Task brief
Only one stretch of the data below is wanted: the lines from the one with "Conversations on Art" through the one with "Death of a Diplomat", repeated exactly.

Record set
*** Begin section ***

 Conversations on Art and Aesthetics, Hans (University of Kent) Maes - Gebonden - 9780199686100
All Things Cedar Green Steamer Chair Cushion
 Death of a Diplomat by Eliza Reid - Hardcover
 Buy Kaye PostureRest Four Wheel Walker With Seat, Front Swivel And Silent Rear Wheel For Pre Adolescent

*** End section ***
*** Begin section ***

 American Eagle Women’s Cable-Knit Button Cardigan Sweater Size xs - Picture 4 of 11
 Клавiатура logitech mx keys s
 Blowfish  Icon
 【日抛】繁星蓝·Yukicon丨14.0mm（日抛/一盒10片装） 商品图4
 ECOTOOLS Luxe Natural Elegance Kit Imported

*** End section ***
*** Begin section ***

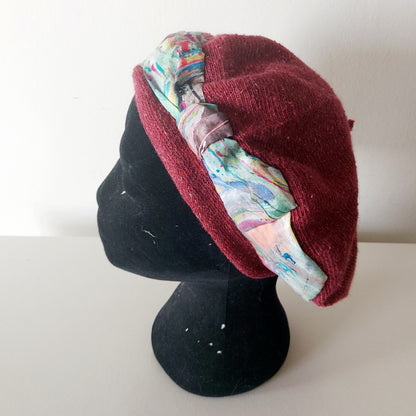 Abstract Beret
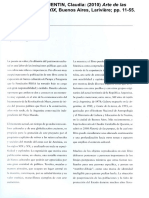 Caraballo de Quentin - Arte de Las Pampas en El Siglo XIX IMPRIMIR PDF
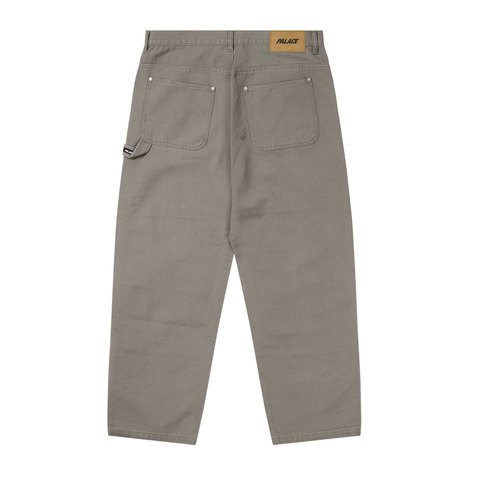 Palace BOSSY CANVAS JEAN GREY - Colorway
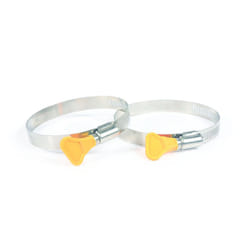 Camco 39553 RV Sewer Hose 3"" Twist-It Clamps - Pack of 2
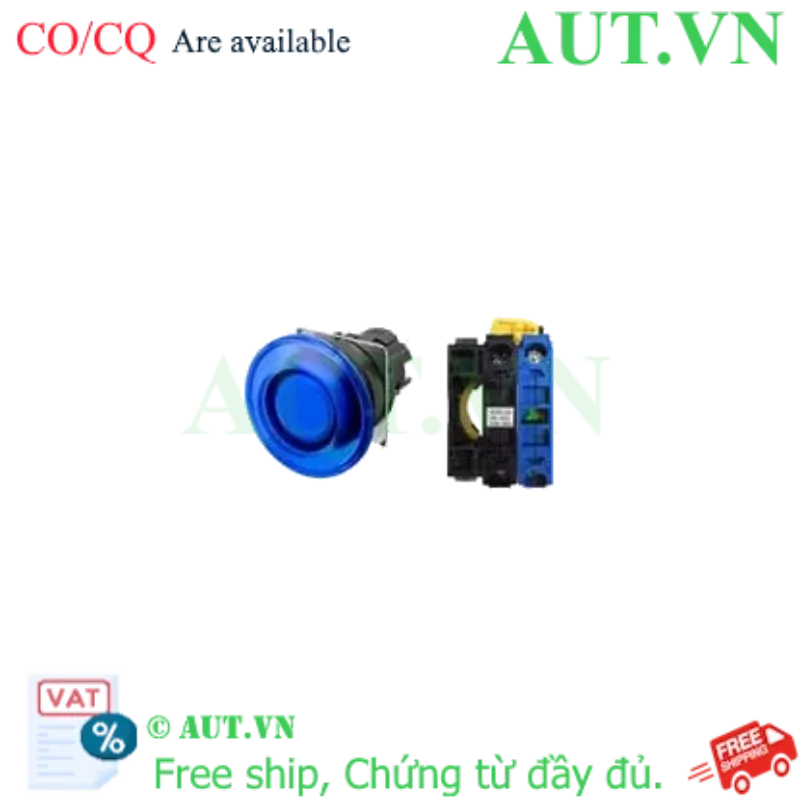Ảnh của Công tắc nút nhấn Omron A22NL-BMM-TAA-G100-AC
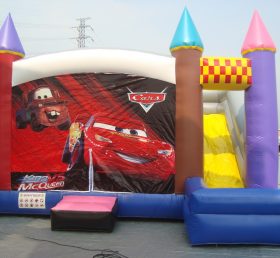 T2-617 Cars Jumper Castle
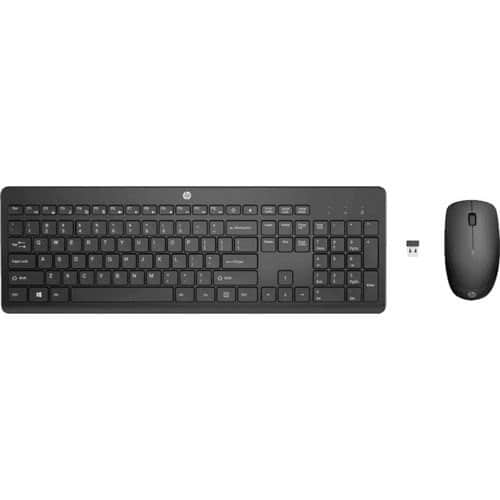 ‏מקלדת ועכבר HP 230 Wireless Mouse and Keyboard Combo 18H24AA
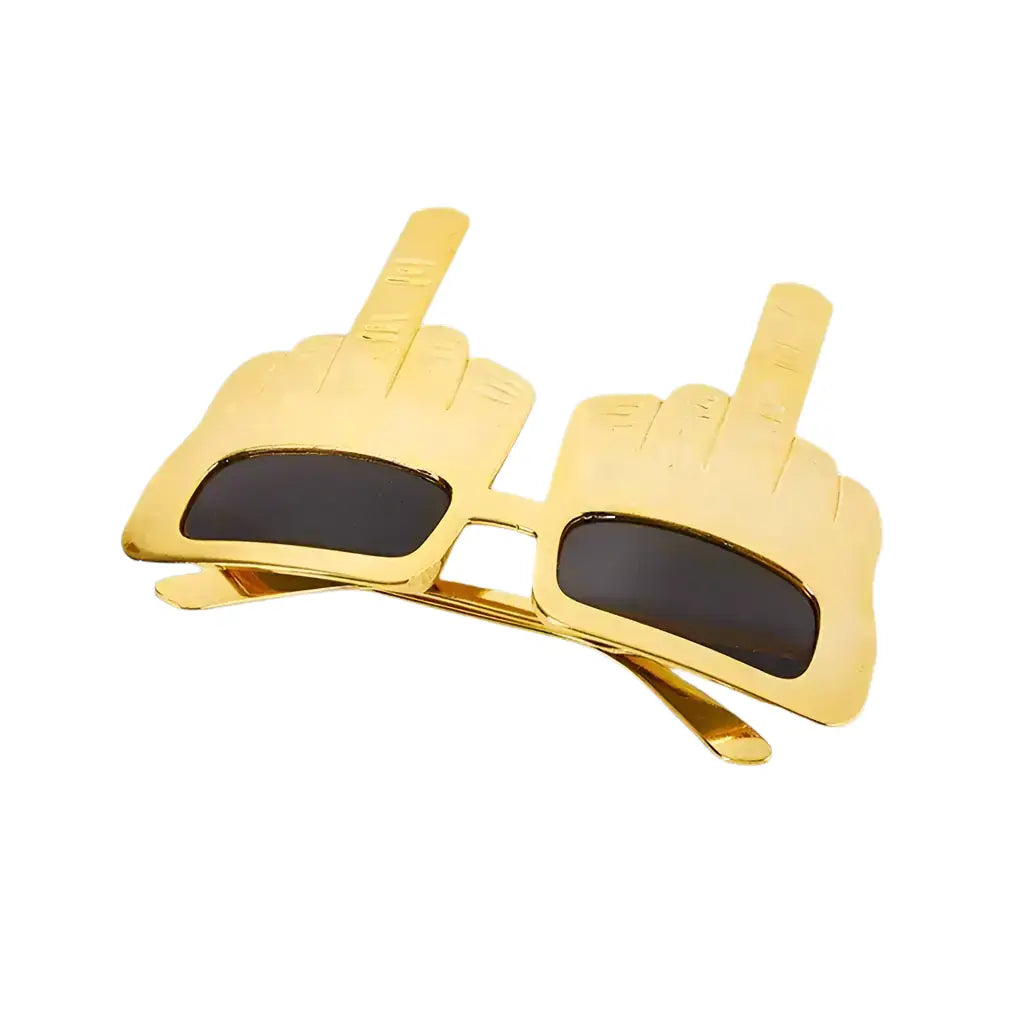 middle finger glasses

*** End section ***

Answer section
 Conversations on Art and Aesthetics, Hans (University of Kent) Maes - Gebonden - 9780199686100
All Things Cedar Green Steamer Chair Cushion
 Death of a Diplomat by Eliza Reid - Hardcover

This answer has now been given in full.